Transcribe each line below word for word.

===== Data extract =====

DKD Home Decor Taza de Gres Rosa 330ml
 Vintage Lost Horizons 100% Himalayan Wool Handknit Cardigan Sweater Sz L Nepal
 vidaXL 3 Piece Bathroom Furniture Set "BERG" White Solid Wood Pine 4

=====

Answer to the exercise
DKD Home Decor Taza de Gres Rosa 330ml
 Vintage Lost Horizons 100% Himalayan Wool Handknit Cardigan Sweater Sz L Nepal
 vidaXL 3 Piece Bathroom Furniture Set "BERG" White Solid Wood Pine 4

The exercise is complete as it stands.